+++ Supplied information
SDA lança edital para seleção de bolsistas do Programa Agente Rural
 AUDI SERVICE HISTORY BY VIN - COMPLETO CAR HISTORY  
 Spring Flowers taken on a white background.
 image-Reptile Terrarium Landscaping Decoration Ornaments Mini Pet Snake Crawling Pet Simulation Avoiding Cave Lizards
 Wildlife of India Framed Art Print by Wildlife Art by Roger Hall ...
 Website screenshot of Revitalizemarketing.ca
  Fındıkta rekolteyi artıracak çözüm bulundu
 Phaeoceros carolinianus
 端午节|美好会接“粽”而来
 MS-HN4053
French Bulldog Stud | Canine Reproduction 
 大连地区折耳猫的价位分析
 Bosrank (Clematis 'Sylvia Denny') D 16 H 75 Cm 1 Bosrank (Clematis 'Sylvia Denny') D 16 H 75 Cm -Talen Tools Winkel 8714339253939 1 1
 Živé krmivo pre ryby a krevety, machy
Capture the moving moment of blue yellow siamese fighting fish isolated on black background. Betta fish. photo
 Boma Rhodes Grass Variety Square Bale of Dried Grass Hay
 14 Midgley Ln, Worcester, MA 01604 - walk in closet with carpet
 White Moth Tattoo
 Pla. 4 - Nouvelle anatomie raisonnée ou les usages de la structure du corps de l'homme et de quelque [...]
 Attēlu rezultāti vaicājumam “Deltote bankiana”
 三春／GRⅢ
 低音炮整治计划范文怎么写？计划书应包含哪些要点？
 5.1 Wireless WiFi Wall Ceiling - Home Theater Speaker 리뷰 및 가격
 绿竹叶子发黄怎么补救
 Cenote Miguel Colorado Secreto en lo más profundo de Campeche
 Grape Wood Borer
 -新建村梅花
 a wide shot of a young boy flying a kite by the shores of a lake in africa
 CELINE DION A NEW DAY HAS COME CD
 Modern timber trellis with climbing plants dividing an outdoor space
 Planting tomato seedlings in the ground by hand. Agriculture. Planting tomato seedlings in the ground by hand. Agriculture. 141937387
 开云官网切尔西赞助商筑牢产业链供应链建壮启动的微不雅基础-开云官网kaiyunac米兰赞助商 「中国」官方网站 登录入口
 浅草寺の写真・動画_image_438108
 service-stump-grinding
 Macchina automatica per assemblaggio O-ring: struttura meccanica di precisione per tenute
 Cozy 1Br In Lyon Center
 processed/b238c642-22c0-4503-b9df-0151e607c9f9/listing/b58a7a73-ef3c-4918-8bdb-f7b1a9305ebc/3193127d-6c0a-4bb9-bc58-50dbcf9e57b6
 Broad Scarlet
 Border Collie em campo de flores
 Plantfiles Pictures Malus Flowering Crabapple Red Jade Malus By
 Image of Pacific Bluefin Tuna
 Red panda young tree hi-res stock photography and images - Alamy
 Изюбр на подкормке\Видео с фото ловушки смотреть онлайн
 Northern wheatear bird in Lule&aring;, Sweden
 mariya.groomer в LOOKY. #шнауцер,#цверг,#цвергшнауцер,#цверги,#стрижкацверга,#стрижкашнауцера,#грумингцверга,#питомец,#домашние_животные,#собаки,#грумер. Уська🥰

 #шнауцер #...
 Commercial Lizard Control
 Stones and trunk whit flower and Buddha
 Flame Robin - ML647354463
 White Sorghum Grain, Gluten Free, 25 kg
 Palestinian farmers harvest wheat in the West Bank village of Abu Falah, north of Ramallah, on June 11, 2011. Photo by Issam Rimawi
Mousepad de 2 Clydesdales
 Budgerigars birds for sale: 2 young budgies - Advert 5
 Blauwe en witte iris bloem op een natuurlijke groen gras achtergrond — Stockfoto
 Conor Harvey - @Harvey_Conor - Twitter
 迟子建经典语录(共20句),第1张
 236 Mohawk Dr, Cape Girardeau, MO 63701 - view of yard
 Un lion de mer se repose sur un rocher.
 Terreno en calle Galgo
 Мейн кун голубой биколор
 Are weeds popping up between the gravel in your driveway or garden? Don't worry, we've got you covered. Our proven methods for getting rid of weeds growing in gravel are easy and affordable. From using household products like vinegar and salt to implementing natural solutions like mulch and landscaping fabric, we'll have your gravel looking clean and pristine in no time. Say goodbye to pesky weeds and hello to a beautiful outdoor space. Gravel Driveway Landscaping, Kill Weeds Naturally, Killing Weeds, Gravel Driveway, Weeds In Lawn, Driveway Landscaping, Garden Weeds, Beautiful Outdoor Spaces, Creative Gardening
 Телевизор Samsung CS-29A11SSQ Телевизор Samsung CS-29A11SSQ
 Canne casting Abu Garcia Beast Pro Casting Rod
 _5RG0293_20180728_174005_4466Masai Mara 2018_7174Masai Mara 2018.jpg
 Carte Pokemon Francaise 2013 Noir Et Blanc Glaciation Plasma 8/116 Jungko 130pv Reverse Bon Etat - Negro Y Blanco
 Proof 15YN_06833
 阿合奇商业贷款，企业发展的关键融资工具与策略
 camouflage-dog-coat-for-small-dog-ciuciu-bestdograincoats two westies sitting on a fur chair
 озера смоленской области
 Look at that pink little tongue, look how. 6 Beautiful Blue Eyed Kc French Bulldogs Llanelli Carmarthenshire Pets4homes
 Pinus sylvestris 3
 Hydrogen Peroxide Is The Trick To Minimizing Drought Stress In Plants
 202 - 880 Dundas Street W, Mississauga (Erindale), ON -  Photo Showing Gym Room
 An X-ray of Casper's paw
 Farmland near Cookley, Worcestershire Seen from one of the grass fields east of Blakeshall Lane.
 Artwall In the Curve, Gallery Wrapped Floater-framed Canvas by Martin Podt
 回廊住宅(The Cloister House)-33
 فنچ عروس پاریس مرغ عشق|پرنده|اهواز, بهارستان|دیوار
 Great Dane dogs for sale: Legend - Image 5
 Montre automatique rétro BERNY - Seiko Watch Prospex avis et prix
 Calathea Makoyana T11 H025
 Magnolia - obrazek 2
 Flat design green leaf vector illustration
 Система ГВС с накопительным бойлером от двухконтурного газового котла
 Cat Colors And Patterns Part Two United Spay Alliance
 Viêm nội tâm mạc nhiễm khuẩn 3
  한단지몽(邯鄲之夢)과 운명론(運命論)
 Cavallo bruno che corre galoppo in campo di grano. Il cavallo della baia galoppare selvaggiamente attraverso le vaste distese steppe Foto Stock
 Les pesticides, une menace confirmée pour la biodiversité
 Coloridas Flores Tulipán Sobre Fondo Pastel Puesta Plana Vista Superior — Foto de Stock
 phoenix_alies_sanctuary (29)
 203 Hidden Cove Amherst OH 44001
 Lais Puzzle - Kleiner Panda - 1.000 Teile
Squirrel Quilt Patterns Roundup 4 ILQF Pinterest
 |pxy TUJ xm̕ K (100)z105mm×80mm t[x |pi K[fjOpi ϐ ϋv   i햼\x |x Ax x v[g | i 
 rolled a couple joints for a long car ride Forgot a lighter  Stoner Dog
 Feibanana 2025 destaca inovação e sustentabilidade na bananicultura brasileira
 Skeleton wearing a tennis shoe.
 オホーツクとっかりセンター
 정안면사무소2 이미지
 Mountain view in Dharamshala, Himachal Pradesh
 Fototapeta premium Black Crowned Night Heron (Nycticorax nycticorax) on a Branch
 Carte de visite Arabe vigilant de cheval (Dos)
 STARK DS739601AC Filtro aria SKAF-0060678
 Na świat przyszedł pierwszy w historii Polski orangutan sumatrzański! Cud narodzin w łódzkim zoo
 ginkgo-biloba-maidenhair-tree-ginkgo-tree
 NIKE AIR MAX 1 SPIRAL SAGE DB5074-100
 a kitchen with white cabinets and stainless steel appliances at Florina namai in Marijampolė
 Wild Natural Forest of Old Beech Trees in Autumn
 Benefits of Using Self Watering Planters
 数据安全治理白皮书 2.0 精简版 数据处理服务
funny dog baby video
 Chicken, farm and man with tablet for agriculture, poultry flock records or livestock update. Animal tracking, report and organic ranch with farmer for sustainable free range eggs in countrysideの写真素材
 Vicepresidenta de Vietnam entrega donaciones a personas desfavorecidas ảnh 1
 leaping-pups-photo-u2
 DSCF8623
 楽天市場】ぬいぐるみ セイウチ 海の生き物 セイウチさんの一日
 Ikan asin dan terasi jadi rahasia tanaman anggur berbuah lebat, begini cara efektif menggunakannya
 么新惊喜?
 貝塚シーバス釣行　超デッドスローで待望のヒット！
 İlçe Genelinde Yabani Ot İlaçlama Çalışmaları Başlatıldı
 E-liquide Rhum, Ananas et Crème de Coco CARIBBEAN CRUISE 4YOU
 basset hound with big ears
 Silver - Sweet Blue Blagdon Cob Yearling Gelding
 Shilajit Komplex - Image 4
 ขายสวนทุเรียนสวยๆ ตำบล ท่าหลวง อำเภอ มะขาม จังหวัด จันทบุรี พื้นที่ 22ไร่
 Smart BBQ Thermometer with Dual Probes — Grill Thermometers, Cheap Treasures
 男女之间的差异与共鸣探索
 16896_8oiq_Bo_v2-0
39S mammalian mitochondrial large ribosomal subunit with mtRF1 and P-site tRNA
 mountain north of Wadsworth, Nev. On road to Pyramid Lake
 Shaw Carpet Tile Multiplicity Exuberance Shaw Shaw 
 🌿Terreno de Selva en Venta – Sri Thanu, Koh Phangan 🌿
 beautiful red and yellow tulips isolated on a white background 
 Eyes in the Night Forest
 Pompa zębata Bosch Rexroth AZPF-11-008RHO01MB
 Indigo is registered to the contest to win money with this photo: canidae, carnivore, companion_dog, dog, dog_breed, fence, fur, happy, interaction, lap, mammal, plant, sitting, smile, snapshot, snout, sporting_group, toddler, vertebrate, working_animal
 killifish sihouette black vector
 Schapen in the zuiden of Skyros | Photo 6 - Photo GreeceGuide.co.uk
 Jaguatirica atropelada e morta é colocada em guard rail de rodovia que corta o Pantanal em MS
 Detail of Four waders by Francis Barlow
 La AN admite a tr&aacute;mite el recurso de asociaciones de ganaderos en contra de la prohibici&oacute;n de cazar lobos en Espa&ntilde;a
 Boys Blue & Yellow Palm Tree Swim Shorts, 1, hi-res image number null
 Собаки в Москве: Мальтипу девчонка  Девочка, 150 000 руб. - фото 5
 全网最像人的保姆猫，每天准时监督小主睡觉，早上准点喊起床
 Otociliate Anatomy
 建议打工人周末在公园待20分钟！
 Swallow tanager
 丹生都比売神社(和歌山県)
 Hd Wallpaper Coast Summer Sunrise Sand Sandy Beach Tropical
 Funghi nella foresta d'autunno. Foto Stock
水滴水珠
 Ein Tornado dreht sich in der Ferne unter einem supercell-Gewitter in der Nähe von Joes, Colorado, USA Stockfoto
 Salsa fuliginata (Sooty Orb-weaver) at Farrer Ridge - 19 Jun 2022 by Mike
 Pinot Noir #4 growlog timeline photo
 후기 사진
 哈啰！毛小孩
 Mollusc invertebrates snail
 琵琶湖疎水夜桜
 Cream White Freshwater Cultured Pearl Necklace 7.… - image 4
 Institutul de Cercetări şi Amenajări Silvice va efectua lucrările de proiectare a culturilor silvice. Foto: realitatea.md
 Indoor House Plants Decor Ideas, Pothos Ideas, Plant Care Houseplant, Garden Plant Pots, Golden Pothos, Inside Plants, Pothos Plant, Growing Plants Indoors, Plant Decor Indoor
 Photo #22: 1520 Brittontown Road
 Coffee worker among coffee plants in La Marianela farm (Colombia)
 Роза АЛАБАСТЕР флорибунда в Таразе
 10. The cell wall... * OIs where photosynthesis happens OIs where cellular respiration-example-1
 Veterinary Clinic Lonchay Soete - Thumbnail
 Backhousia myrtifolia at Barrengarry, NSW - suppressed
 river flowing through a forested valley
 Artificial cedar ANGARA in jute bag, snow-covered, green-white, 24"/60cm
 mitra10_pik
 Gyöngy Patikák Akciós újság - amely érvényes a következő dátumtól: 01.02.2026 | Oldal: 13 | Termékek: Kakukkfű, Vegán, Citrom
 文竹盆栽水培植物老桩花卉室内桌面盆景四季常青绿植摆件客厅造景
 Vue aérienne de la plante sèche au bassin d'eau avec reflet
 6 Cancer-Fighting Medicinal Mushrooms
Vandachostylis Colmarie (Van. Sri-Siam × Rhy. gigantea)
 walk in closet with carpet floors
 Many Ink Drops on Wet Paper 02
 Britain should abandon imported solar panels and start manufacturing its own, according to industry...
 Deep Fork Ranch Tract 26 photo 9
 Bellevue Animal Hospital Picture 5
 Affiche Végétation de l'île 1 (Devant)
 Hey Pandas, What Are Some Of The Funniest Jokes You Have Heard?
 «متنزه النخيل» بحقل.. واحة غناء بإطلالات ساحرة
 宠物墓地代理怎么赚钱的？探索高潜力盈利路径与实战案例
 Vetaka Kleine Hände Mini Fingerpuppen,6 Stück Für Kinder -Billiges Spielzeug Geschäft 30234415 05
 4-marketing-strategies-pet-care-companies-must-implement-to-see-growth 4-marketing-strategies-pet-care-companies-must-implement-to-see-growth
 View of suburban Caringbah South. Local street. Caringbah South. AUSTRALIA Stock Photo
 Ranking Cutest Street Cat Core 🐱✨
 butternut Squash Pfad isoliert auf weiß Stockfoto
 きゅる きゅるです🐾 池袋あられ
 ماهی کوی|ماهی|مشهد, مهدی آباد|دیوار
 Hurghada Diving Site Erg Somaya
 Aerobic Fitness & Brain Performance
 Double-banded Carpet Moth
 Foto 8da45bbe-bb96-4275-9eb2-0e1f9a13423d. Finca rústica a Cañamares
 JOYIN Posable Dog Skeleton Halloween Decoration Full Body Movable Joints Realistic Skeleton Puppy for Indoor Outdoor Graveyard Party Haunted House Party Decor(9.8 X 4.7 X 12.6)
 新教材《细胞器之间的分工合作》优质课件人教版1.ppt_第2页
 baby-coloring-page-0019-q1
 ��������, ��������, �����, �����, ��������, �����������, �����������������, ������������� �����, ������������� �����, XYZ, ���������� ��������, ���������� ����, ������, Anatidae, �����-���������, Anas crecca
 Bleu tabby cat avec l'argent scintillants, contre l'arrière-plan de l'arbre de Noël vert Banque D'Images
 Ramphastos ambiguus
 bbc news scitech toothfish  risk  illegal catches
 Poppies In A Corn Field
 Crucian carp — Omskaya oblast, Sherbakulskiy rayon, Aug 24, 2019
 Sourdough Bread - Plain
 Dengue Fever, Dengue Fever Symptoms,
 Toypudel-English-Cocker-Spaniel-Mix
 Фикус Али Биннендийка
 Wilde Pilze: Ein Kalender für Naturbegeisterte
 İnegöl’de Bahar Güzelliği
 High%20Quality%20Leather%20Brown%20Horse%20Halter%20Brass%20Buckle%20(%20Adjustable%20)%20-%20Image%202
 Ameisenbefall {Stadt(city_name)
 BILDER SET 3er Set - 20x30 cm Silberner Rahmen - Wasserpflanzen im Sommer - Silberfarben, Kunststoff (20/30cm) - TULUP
++++++
**Exercise objective**
Beginning at the line that contains "Sourdough Bread - Plain", reproduce every line down to the last line of the entries above, exactly and only those.

**Answer space**
 Sourdough Bread - Plain
 Dengue Fever, Dengue Fever Symptoms,
 Toypudel-English-Cocker-Spaniel-Mix
 Фикус Али Биннендийка
 Wilde Pilze: Ein Kalender für Naturbegeisterte
 İnegöl’de Bahar Güzelliği
 High%20Quality%20Leather%20Brown%20Horse%20Halter%20Brass%20Buckle%20(%20Adjustable%20)%20-%20Image%202
 Ameisenbefall {Stadt(city_name)
 BILDER SET 3er Set - 20x30 cm Silberner Rahmen - Wasserpflanzen im Sommer - Silberfarben, Kunststoff (20/30cm) - TULUP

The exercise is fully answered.